DATA SHOWN:

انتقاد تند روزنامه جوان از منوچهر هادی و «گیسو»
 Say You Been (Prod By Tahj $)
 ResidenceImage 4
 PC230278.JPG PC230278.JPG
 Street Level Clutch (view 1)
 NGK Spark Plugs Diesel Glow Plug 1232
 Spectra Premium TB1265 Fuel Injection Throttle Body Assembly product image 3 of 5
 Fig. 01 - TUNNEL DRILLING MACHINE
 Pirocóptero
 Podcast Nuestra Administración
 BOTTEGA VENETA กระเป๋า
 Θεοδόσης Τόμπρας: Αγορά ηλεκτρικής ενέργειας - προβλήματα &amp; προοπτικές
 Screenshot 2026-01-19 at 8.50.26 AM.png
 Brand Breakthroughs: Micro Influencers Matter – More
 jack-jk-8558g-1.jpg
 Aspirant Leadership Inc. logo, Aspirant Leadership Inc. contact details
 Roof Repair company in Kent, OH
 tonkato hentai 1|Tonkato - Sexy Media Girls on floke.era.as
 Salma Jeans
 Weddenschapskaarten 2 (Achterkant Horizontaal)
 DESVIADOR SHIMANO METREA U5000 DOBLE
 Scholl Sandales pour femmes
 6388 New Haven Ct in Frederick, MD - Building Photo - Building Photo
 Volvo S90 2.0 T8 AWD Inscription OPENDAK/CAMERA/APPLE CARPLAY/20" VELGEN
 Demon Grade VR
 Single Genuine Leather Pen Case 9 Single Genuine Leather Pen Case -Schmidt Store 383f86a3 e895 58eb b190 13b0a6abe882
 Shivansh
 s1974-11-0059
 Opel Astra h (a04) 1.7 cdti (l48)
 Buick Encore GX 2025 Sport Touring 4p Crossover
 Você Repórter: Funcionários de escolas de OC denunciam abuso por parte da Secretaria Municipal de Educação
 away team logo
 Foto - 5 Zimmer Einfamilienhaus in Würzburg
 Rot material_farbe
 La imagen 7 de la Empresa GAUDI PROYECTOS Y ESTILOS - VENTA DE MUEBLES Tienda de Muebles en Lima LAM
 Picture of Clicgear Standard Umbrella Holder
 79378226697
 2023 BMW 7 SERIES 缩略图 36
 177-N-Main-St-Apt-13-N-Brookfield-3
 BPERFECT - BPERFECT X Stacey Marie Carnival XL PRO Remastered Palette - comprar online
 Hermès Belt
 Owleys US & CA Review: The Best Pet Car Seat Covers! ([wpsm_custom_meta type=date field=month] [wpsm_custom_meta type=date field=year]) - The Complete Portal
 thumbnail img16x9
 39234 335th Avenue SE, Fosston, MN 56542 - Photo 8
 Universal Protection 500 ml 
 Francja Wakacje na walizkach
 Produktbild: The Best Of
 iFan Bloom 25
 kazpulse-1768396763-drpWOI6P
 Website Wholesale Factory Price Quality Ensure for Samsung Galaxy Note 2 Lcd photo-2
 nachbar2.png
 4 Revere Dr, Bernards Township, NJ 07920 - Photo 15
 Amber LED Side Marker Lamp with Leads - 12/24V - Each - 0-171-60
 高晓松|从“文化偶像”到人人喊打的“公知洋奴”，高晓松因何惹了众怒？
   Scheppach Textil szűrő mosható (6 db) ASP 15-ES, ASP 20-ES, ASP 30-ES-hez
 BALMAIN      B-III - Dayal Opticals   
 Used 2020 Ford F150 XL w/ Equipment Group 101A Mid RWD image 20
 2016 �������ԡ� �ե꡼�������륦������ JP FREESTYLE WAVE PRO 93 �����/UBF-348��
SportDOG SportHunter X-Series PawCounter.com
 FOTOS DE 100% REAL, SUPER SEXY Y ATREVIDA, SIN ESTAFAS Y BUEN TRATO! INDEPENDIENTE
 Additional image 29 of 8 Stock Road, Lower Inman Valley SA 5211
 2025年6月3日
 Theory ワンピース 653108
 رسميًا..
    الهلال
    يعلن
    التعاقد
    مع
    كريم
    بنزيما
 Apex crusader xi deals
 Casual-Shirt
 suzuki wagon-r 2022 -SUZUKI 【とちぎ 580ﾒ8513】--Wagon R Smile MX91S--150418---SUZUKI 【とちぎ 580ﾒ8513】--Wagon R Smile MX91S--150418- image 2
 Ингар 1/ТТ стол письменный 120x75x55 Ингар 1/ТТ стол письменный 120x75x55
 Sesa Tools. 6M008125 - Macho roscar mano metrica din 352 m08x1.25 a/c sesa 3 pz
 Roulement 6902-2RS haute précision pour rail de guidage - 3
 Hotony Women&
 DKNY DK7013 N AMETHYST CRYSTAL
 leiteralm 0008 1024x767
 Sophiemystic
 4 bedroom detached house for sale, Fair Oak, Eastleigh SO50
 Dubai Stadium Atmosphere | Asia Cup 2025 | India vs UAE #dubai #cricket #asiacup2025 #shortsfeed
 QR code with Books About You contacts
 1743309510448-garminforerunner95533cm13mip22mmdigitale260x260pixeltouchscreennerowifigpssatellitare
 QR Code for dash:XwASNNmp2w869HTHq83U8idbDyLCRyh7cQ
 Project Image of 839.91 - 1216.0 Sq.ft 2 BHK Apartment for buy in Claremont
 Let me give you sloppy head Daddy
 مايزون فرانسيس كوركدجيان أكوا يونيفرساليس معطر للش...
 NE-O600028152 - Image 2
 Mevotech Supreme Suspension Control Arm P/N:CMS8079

TASK GOAL: If a line falls between the first line of the entries and the line containing "Demon Grade VR", or is one of those two, restate it word for word; leave all other lines out.

RESULT OF THIS TASK:
انتقاد تند روزنامه جوان از منوچهر هادی و «گیسو»
 Say You Been (Prod By Tahj $)
 ResidenceImage 4
 PC230278.JPG PC230278.JPG
 Street Level Clutch (view 1)
 NGK Spark Plugs Diesel Glow Plug 1232
 Spectra Premium TB1265 Fuel Injection Throttle Body Assembly product image 3 of 5
 Fig. 01 - TUNNEL DRILLING MACHINE
 Pirocóptero
 Podcast Nuestra Administración
 BOTTEGA VENETA กระเป๋า
 Θεοδόσης Τόμπρας: Αγορά ηλεκτρικής ενέργειας - προβλήματα &amp; προοπτικές
 Screenshot 2026-01-19 at 8.50.26 AM.png
 Brand Breakthroughs: Micro Influencers Matter – More
 jack-jk-8558g-1.jpg
 Aspirant Leadership Inc. logo, Aspirant Leadership Inc. contact details
 Roof Repair company in Kent, OH
 tonkato hentai 1|Tonkato - Sexy Media Girls on floke.era.as
 Salma Jeans
 Weddenschapskaarten 2 (Achterkant Horizontaal)
 DESVIADOR SHIMANO METREA U5000 DOBLE
 Scholl Sandales pour femmes
 6388 New Haven Ct in Frederick, MD - Building Photo - Building Photo
 Volvo S90 2.0 T8 AWD Inscription OPENDAK/CAMERA/APPLE CARPLAY/20" VELGEN
 Demon Grade VR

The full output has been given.